Exercise instructions — Word for word, set down the entries that follow.

[Brief descriptive captions]
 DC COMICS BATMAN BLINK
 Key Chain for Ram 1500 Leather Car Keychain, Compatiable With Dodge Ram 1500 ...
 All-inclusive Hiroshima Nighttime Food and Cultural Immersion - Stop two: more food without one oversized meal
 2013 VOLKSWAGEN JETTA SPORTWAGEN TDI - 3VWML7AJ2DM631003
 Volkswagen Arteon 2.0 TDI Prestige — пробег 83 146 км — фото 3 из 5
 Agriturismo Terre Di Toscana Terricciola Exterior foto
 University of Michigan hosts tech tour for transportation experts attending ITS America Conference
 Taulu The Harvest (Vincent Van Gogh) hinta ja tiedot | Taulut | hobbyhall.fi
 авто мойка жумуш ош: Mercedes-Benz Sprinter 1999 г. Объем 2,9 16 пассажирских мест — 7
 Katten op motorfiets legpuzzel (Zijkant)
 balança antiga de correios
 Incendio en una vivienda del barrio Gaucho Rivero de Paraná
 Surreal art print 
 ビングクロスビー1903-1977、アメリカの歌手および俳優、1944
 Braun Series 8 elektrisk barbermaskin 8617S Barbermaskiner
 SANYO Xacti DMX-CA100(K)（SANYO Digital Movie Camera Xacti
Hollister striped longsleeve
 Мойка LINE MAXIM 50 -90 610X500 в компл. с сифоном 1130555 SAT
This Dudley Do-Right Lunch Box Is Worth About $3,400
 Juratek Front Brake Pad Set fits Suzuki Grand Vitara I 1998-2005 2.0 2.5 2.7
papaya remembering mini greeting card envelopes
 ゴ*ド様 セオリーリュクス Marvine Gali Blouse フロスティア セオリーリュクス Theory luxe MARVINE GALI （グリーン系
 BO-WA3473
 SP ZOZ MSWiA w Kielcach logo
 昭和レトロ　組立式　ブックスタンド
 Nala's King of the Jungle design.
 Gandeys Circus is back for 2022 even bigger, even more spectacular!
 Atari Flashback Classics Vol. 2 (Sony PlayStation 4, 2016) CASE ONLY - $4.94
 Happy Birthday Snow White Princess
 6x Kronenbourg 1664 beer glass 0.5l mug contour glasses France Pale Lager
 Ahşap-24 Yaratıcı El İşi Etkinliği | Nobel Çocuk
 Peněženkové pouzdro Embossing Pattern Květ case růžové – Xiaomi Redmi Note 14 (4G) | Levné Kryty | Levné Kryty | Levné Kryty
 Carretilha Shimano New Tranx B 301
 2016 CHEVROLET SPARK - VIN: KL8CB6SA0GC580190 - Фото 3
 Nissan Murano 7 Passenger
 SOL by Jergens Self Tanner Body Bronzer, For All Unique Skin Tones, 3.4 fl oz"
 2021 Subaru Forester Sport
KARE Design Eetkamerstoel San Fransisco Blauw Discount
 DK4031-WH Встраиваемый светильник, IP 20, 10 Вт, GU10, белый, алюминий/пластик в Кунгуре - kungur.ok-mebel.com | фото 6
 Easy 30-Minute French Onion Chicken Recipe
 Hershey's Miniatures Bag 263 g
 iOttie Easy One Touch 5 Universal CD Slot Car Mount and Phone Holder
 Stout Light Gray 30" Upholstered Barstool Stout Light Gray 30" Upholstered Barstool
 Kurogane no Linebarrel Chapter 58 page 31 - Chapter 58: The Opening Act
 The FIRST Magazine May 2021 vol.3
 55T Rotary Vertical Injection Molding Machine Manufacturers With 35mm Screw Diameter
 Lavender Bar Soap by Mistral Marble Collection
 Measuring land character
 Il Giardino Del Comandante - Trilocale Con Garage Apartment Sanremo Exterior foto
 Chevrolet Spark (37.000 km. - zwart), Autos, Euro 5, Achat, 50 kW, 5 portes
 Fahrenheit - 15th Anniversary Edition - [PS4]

Result —
 DC COMICS BATMAN BLINK
 Key Chain for Ram 1500 Leather Car Keychain, Compatiable With Dodge Ram 1500 ...
 All-inclusive Hiroshima Nighttime Food and Cultural Immersion - Stop two: more food without one oversized meal
 2013 VOLKSWAGEN JETTA SPORTWAGEN TDI - 3VWML7AJ2DM631003
 Volkswagen Arteon 2.0 TDI Prestige — пробег 83 146 км — фото 3 из 5
 Agriturismo Terre Di Toscana Terricciola Exterior foto
 University of Michigan hosts tech tour for transportation experts attending ITS America Conference
 Taulu The Harvest (Vincent Van Gogh) hinta ja tiedot | Taulut | hobbyhall.fi
 авто мойка жумуш ош: Mercedes-Benz Sprinter 1999 г. Объем 2,9 16 пассажирских мест — 7
 Katten op motorfiets legpuzzel (Zijkant)
 balança antiga de correios
 Incendio en una vivienda del barrio Gaucho Rivero de Paraná
 Surreal art print 
 ビングクロスビー1903-1977、アメリカの歌手および俳優、1944
 Braun Series 8 elektrisk barbermaskin 8617S Barbermaskiner
 SANYO Xacti DMX-CA100(K)（SANYO Digital Movie Camera Xacti
Hollister striped longsleeve
 Мойка LINE MAXIM 50 -90 610X500 в компл. с сифоном 1130555 SAT
This Dudley Do-Right Lunch Box Is Worth About $3,400
 Juratek Front Brake Pad Set fits Suzuki Grand Vitara I 1998-2005 2.0 2.5 2.7
papaya remembering mini greeting card envelopes
 ゴ*ド様 セオリーリュクス Marvine Gali Blouse フロスティア セオリーリュクス Theory luxe MARVINE GALI （グリーン系
 BO-WA3473
 SP ZOZ MSWiA w Kielcach logo
 昭和レトロ　組立式　ブックスタンド
 Nala's King of the Jungle design.
 Gandeys Circus is back for 2022 even bigger, even more spectacular!
 Atari Flashback Classics Vol. 2 (Sony PlayStation 4, 2016) CASE ONLY - $4.94
 Happy Birthday Snow White Princess
 6x Kronenbourg 1664 beer glass 0.5l mug contour glasses France Pale Lager
 Ahşap-24 Yaratıcı El İşi Etkinliği | Nobel Çocuk
 Peněženkové pouzdro Embossing Pattern Květ case růžové – Xiaomi Redmi Note 14 (4G) | Levné Kryty | Levné Kryty | Levné Kryty
 Carretilha Shimano New Tranx B 301
 2016 CHEVROLET SPARK - VIN: KL8CB6SA0GC580190 - Фото 3
 Nissan Murano 7 Passenger
 SOL by Jergens Self Tanner Body Bronzer, For All Unique Skin Tones, 3.4 fl oz"
 2021 Subaru Forester Sport
KARE Design Eetkamerstoel San Fransisco Blauw Discount
 DK4031-WH Встраиваемый светильник, IP 20, 10 Вт, GU10, белый, алюминий/пластик в Кунгуре - kungur.ok-mebel.com | фото 6
 Easy 30-Minute French Onion Chicken Recipe
 Hershey's Miniatures Bag 263 g
 iOttie Easy One Touch 5 Universal CD Slot Car Mount and Phone Holder
 Stout Light Gray 30" Upholstered Barstool Stout Light Gray 30" Upholstered Barstool
 Kurogane no Linebarrel Chapter 58 page 31 - Chapter 58: The Opening Act
 The FIRST Magazine May 2021 vol.3
 55T Rotary Vertical Injection Molding Machine Manufacturers With 35mm Screw Diameter
 Lavender Bar Soap by Mistral Marble Collection
 Measuring land character
 Il Giardino Del Comandante - Trilocale Con Garage Apartment Sanremo Exterior foto
 Chevrolet Spark (37.000 km. - zwart), Autos, Euro 5, Achat, 50 kW, 5 portes
 Fahrenheit - 15th Anniversary Edition - [PS4]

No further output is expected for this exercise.